2012 Memorial March for Missing and Murdered Women
Justice for Missing and Murdered Indigenous Women invites you and yours to attend, spread the word about, and participate in this year’s Memorial March for Missing and Murdered Women on Tuesday February 14th noon at the Carnegie Community Centre Theatre, 401 Main Street (corner Hastings, Vancouver) where family members speak in remembrance. Given space constraints, we ask the broader public to join us at 1 pm, when the march takes to the streets and proceeds through the Downtown Eastside, with stops to commemorate where women were last seen or found; speeches by community activists at the police station; a healing circle at Oppenheimer Park around 3 pm; and finally a community feast at the Japanese Language Hall. Thank you to Buffalo Spirit for the big drum.
The first women’s memorial march was held in 1991 in response to the murder of a Coast Salish woman on Powell Street in Vancouver. Her name is not spoken today out of respect for the wishes of her family. Out of this sense of hopelessness and anger came an annual march on Valentine’s Day to express compassion, community, and caring for all women in Vancouver’s Downtown Eastside, Unceded Coast Salish Territories.
Twenty one years later, the women’s memorial march continues to honour the lives of missing and murdered women.

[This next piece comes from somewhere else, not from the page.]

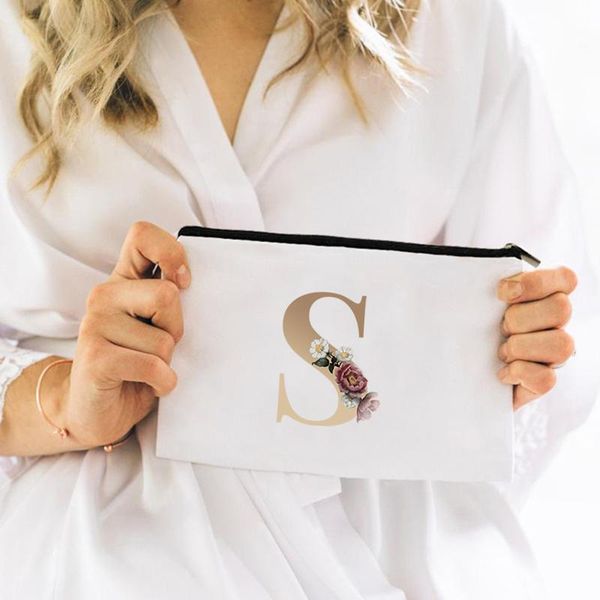 

cosmetic bags & cases flowers alphabet bag for makeup organizer mini kawaii pouch women woman storage make up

This year, the Feb 14th Women’s Memorial March occurs in the context of the Sham provincial missing women’s inquiry headed by Wally Oppall, which we are boycotting because we have been shut out from it and it has continued to marginalize the voices and experiences of women from the DTES. Women continue to go missing or be murdered with no action from any level of government to address these tragedies or the systemic nature of gendered violence, poverty, racism, or colonialism. The Feb 14th Women’s Memorial March Committee and DTES Women’s Centre have recently made submissions under Article 8 of the Optional Protocol of the UN Committee on the Elimination of Discrimination Against Women, and are now seeking justice internationally.
This event is organized and led by women in the DTES because women – especially Indigenous women – face physical, mental, emotional, and spiritual violence on a daily basis. The February 14th Women’s Memorial March is an opportunity to come together to grieve the loss of our beloved sisters, remember the women who are still missing, and to dedicate ourselves to justice.